-- PROMPT --
What you return should match the entries below exactly, only without the images.
Start of SUPPLIED RECORDS
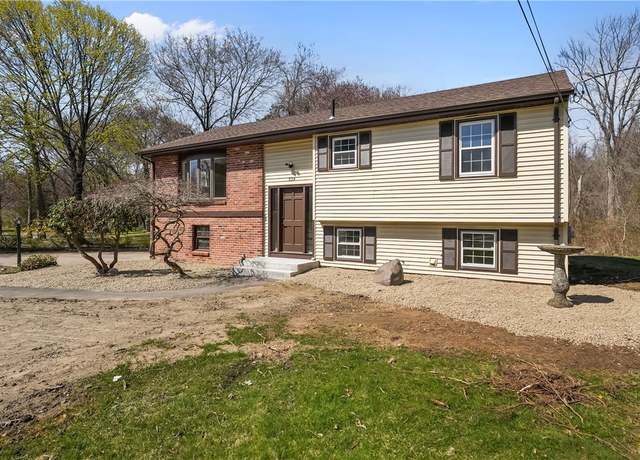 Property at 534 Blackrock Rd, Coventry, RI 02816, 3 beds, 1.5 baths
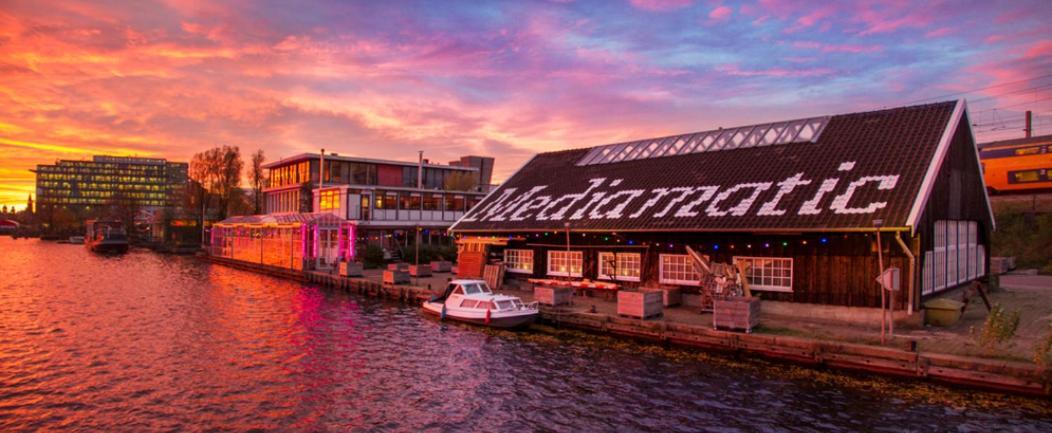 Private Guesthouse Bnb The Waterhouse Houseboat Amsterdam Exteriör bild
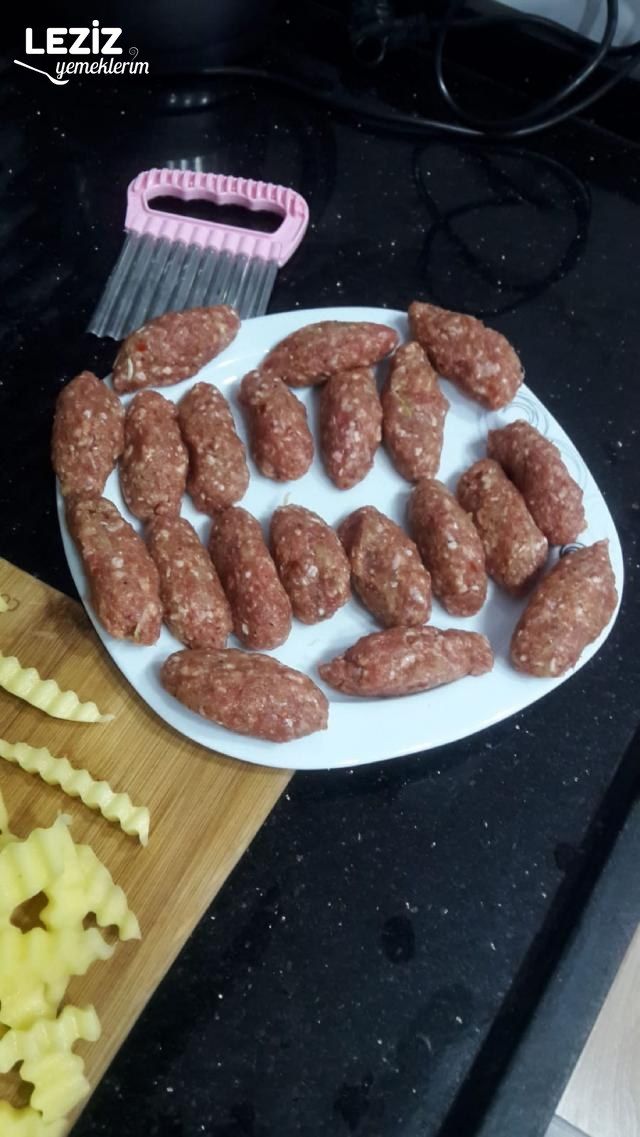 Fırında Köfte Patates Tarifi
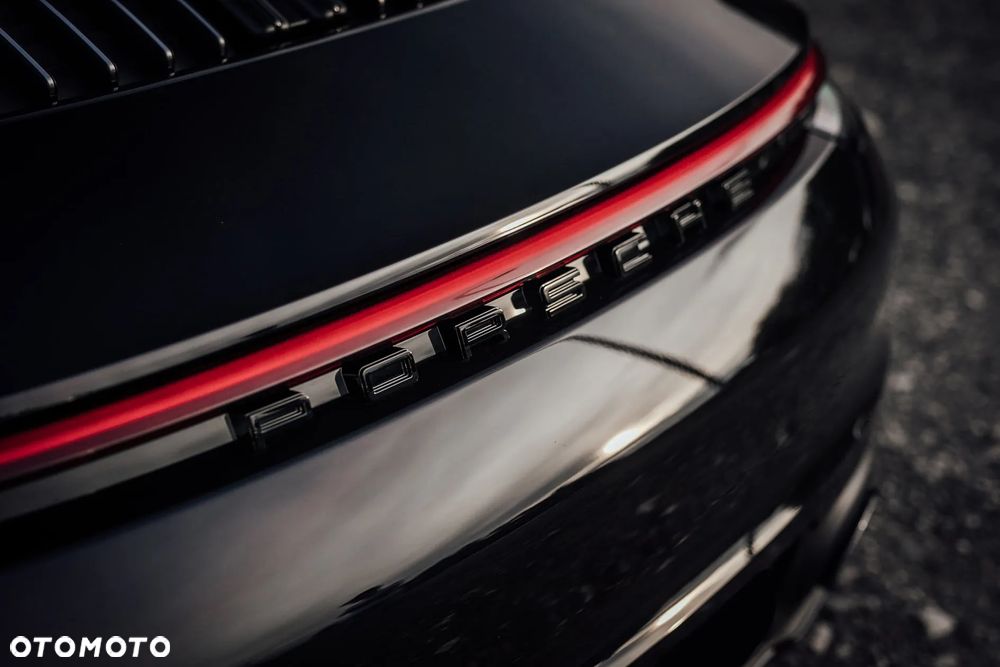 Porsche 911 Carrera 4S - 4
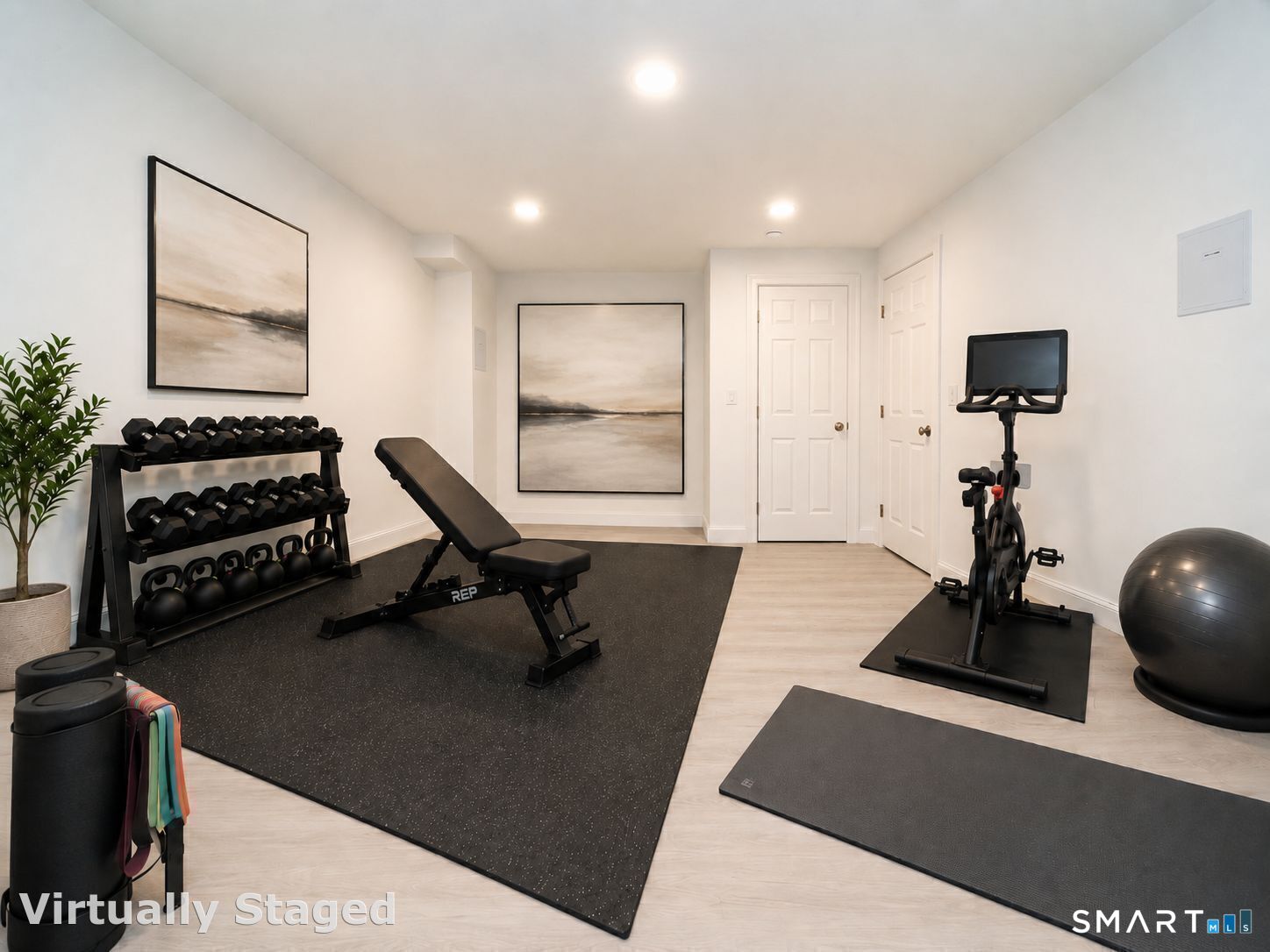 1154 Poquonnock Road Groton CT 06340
End of SUPPLIED RECORDS
-- FINISHED TASK --
 Property at 534 Blackrock Rd, Coventry, RI 02816, 3 beds, 1.5 baths
 Private Guesthouse Bnb The Waterhouse Houseboat Amsterdam Exteriör bild
 Fırında Köfte Patates Tarifi
 Porsche 911 Carrera 4S - 4
 1154 Poquonnock Road Groton CT 06340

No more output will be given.